I still wonder What shall I get you for Xmas?
The Record
He came along sheepishly A record behind his back And nonchalantly said, “I brought you a record It was mine and now it is yours.”
It was an old-fashioned 78 Nicked at the edges; played very often It’s jacket was thumbed and worn. I thought to myself, “Couldn’t he find something better?”
And then I looked at the two titles One the first side I read, “I Love You Truly” On the other, as finishing a sentence “Nevertheless.”The photograph is of my mother holding our 4-months-old first daughter Ale. It was Christmas 1968 in Veracruz, Mexico
Supersedure
Monday, December 21, 2009
While in the pay of the Argentine navy I was seconded to the US Naval Advisory Group. This meant that I had a secretary and lots of privileges that many of my fellow Argentine conscripts. I had access to large tins of Edgeworth pipe tobacco and other goodies that came from the PX. But I had to such boring and onerous tasks as filing US Naval reports. Many were bulletins that superseded earlier ones. I had to find the older documents and replace them with the new ones. The idea was that the superseded document could contain dangerous instructions that had not been caught until the new bulletin came in. The verb supersede was a popular verb in the US Navy and I really don’t think that replace quite means the same thing. As a way of showing this I have as an example a photograph I took of Rebecca when she must have been two or three. When Rosemary saw it she smiled and loved it. In fact in was her favourite for some years. The frame is over the fireplace mantel of our den. If I were to put it away Rosemary would notice immediately. For me the picture has been superseded by all the rest that came after. I cannot even look at the picture with the nostalgia of the little girl that was. Rebecca is much more interesting as she grows up. There is a superficiality (of someone who has not lived enough to have any kind of depth) in her cuteness that contrasts most unfavourably with her present self. She is more dynamic, more intelligent and more argumentative. She is almost an adult and I find her to be a good friend. I wonder if this latest picture which I took on Saturday will soon be superseded by something else.

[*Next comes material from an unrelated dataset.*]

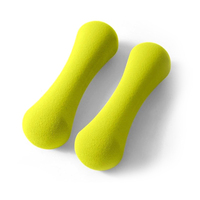 Haltères en forme d'os avec revêtement vinyle 0,5 kg 1 kg 2 kg 3 kg en fonte massif pour entraînement de fitness à domicile, musculation des bras, durables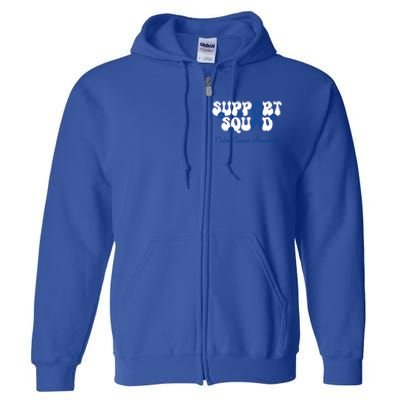 Colon Cancer Friends Support Squad Colon Cancer Awareness Gift Full Zip Hoodie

Pancho Does Not Smile For Christmas
Sunday, December 20, 2009
Sunday was really the first day of our Christmas holiday. Rosemary and I lingered in bed reading the Sunday New York Times and after feeding the cats, they came back and we stayed in bed. I continued reading Barbara Cleverly’s (no relation to Penelope Lively) The Last Kashmiri Rose which is a novel that is part of her series set in 1920s British Imperial India and features a Scotland Yard investigator and Flander’s Field veteran, Inspector Joe Sandilands. I was hooked when my neighbour Patricia Hutter lent me The Damascene Blade. Staying in bed to read without feeling guilty and keeping our financial worries buried (just a bit) is what Christmas is all about. The two girls arrived in the morning to find the Douglas Fir tree I had purchased earlier. Rosemary strung up the lights and Lauren and Rebecca did the decorations. My not so subtle cultural “indoctrination” was not to be interrupted by the holidays so I put on a CD of Lotte Lenya singing Kurt Veil’s The Seven Deadly Sins and Berlin Theatre Songs. Rebecca found her odd and after looking at her picture said she was ugly. But I think she began to tolerate the voice. The important factor is that she has been exposed. As contrast I put on my CD of J.J. Johnson and Andre Previn playing the music of Kurt Weil. Our friend Paul Leisz gave us a turkey for Christmas but Rebecca insisted in cooking it herself at home yesterday. We had a sumptuous pre-Christmas dinner at Rebecca’s (and Lauren’s, Hilary’s and Bruce’s) last night. For me it was a special pleasure (and a bit of a relief) to not have to cook or wash the dishes. Everybody was there including Rebecca and Lauren’s other grandparents. We left early in the evening and I got into bet to continue with The First Kashmiri Rose. What to post for yesterday’s blog? I came up with the idea of showing our tree (if only in b+w) so I took a Fuji instant print of Lauren with Pancho, who was given to us by Abraham Rogatnick last year. We will miss him for Christmas Eve. Lauren said to Pancho, “Please don’t smile.” Pancho, much in character, obeyed her.